As well as the local and immediate threat to life and property they present, bushfires can also have far-reaching, long-lasting consequences for the rest of the planet, as was the case with the huge Australian bushfires of the summer of 2019/2020.

A new study combining satellite data with measurements in the field reveals one of these consequences: a giant phytoplankton bloom larger than the entirety of Australia, located in the northernmost waters of the Southern Ocean, to the south east of Australia.

Such huge spikes in organic material aren't quite the win for marine ecosystems we might imagine. Quite the opposite, as the vast cloud of organisms can make for a potential toxic soup in the ocean.

"Explosive blooms of plankton can be deadly to animals," says paleobiologist Chris Hays from the Swedish Museum of Natural History, who wasn't involved with the research.

"A single bloom event can wipe out countless thousands of animals in a few days, and leave 'dead zones' in freshwater lakes and coastal areas."

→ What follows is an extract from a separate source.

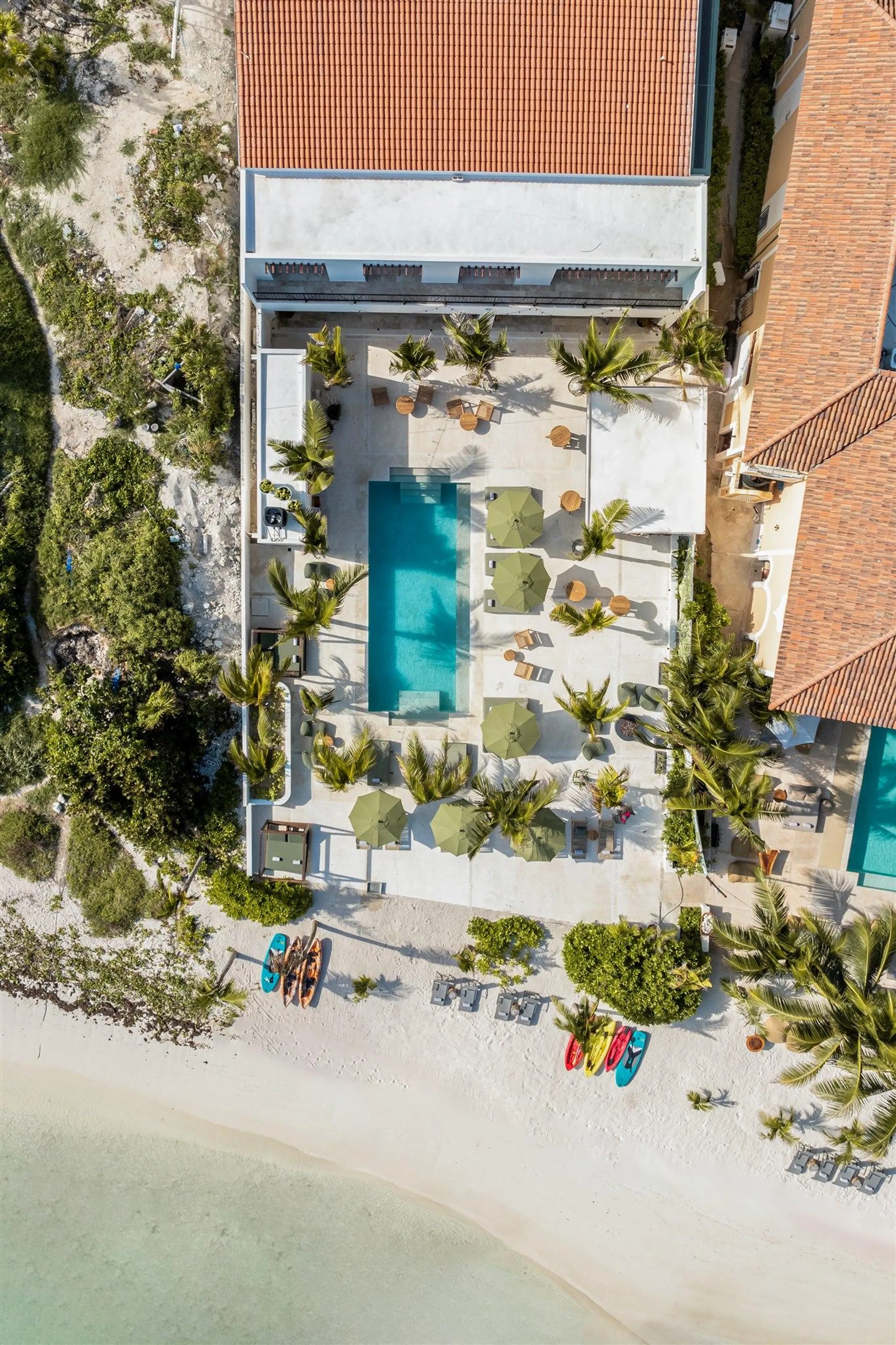 Sumptuous 12-Suite Villa with Private Pool, Bar, and Oceanfront Views — photograph 5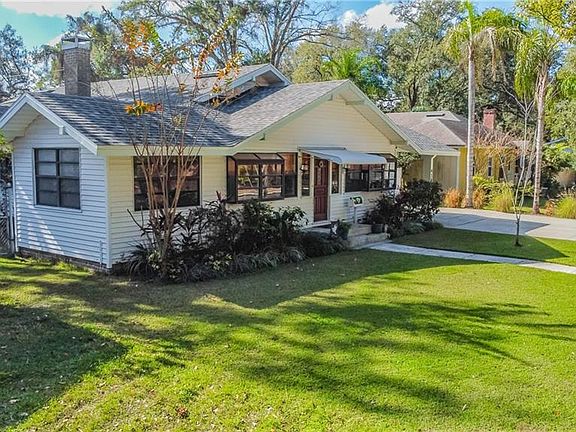 2nd image of 418 W Palm Dr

That's in addition to the devastating effect that the bushfires had on wildlife on land, the hundreds of people who died in the blazes, and many other impacts – like turning some of the glaciers in New Zealand brown with ash and dust.

"The phytoplankton bloom in this region was unprecedented in the 22-year satellite record and lasted for around four months," says biological oceanographer Pete Strutton from the University of Tasmania in Australia.

"What made it more extraordinary is that the part of the season when the bloom appeared is usually the seasonal low point in phytoplankton, but the smoke from the Australian bushfires completely reversed that."

Aerosols in the bushfire smoke are likely the reason behind the vast microalgae bloom, the researchers say. They first tracked the path of the smoke across the ocean to link it to the phytoplankton, with stratospheric winds directly affected by the plumes.

The low but significant concentrations of iron in the smoke would have been feasted upon by microscopic ocean plants, which need it for photosynthesis and growth, causing the stretch of phytoplankton to appear in the water.

Further analysis revealed that the deposits from the smoke raised the iron levels in the ocean to several times their normal level for the time of year, and the reaction to this increased food source was rapid.

"The acceleration in phytoplankton growth as the fires took hold in Australia was so quick that it only lagged the blazes by a few weeks and in some cases just days," says marine biogeochemist Jakob Weis from the University of Tasmania.

"This was even as the impact of the smoke was felt in fits and starts rather than appearing as a constant rain of smoke on the ocean. As an example, we found the fires on just one day, January 8, deposited 25 percent of the black carbon and iron for the whole of January into that part of the ocean."

In a second study, a separate team of researchers estimated that around 715 million tonnes of carbon dioxide were pumped out by the bushfires in the months they were raging – a much higher level than many previous estimates.

However, phytoplankton blooms act as carbon sinks. Such was the size of the one created by the bushfires, researchers think that it could have sucked in almost all of the carbon dioxide released by the burning.

A variety of factors affect phytoplankton photosynthesis and carbon capture – including available light and temperature – so it's not certain that the emissions would have been captured deep within the ocean.

What is certain is that events like the Australian bushfires have a major impact on the rest of our planet's ecosystem, with multiple considerations to take into account to work out the overall consequences for our climate.

"The size and the change in productivity was roughly equivalent to transforming the entire Sahara desert into a moderately productive grassland for several months," says Strutton.

"This work illustrates the enormous impact that aerosols from Australia can have thousands of kilometers away, which we wouldn't have known about if it weren't for global ocean observing systems."

The research has been published in Nature.